» **EXERCISE**
From the records below, transcribe exactly the lines that begin at the line with "Krissy Aquí está" and end at the line with "Early 20th Century", both included.

» **GIVEN INFORMATION**
====================
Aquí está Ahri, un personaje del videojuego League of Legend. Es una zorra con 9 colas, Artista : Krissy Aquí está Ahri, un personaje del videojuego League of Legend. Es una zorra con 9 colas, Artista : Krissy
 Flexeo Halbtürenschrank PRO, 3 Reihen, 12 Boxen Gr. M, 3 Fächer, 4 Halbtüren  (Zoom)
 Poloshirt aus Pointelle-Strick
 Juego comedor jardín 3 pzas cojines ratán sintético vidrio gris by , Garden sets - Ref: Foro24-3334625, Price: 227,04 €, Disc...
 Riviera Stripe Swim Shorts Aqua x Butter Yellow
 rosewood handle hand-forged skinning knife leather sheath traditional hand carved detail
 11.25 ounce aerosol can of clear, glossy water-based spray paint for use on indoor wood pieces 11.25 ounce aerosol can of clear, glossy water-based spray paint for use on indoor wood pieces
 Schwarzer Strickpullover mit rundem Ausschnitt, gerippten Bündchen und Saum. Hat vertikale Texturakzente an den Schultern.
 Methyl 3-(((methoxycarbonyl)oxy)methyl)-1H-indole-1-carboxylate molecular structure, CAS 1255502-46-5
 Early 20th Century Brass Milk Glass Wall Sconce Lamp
====================
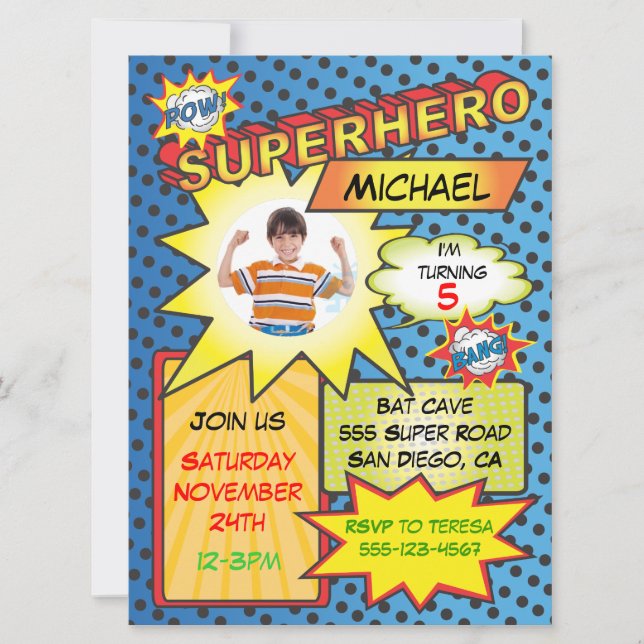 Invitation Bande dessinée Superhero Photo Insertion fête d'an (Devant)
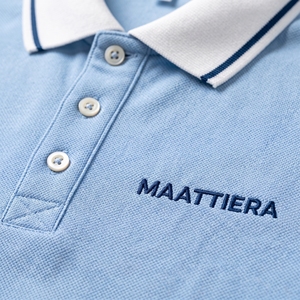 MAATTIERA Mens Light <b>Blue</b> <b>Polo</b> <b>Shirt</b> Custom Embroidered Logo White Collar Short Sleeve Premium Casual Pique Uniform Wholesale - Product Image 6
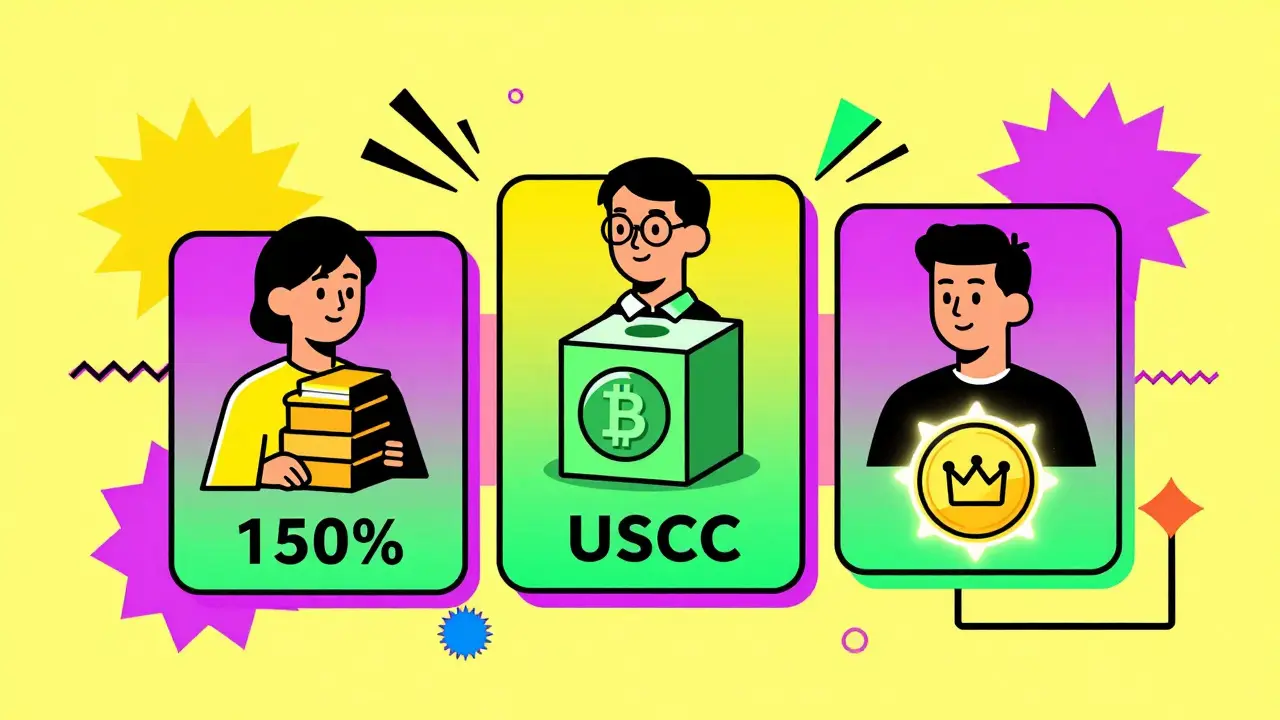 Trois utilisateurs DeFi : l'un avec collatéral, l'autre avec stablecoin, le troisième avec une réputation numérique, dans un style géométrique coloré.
====================
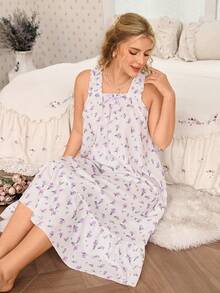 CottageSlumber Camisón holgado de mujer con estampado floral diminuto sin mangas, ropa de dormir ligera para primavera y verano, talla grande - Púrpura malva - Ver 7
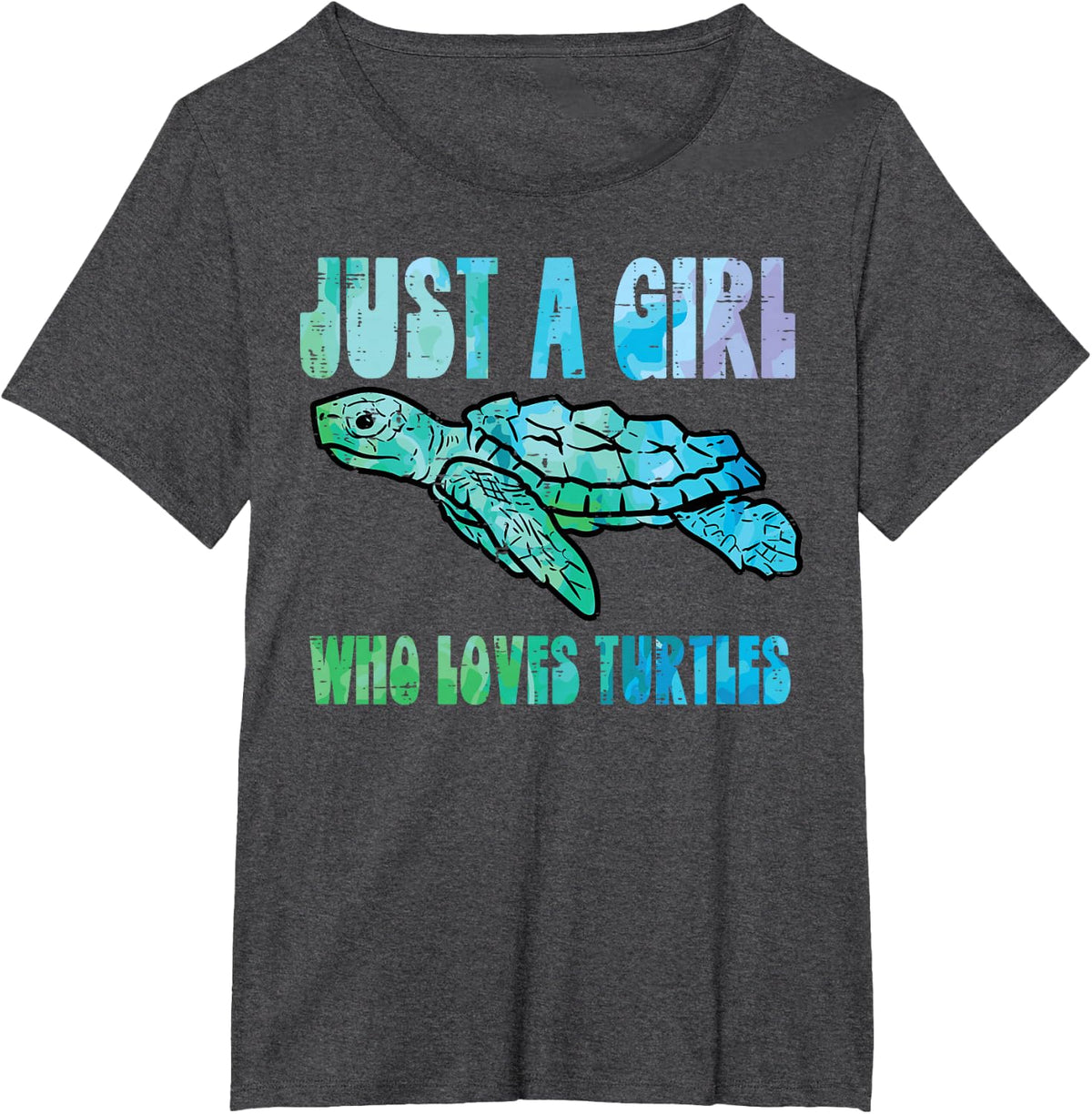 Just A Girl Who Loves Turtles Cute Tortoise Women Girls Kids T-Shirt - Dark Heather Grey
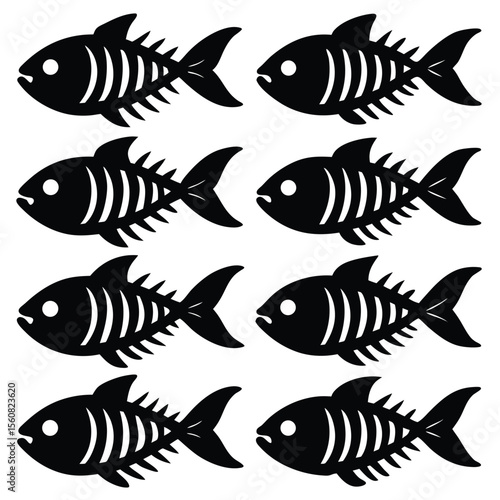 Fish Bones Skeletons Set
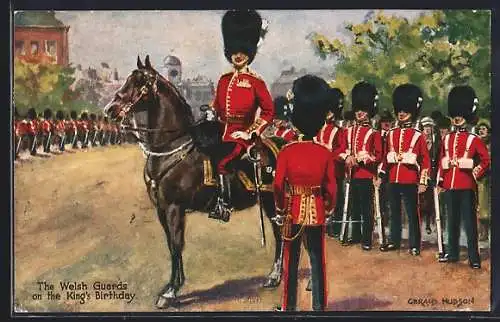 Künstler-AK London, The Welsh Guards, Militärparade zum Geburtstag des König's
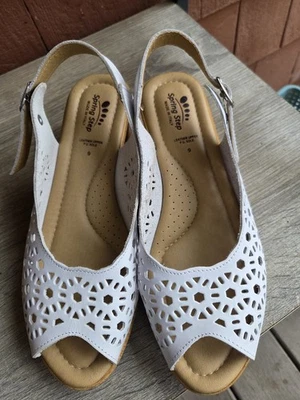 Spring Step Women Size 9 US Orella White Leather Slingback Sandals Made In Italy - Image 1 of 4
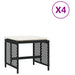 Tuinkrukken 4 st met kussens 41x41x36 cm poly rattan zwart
====================
» **TASK OUTPUT**
Aquí está Ahri, un personaje del videojuego League of Legend. Es una zorra con 9 colas, Artista : Krissy Aquí está Ahri, un personaje del videojuego League of Legend. Es una zorra con 9 colas, Artista : Krissy
 Flexeo Halbtürenschrank PRO, 3 Reihen, 12 Boxen Gr. M, 3 Fächer, 4 Halbtüren  (Zoom)
 Poloshirt aus Pointelle-Strick
 Juego comedor jardín 3 pzas cojines ratán sintético vidrio gris by , Garden sets - Ref: Foro24-3334625, Price: 227,04 €, Disc...
 Riviera Stripe Swim Shorts Aqua x Butter Yellow
 rosewood handle hand-forged skinning knife leather sheath traditional hand carved detail
 11.25 ounce aerosol can of clear, glossy water-based spray paint for use on indoor wood pieces 11.25 ounce aerosol can of clear, glossy water-based spray paint for use on indoor wood pieces
 Schwarzer Strickpullover mit rundem Ausschnitt, gerippten Bündchen und Saum. Hat vertikale Texturakzente an den Schultern.
 Methyl 3-(((methoxycarbonyl)oxy)methyl)-1H-indole-1-carboxylate molecular structure, CAS 1255502-46-5
 Early 20th Century Brass Milk Glass Wall Sconce Lamp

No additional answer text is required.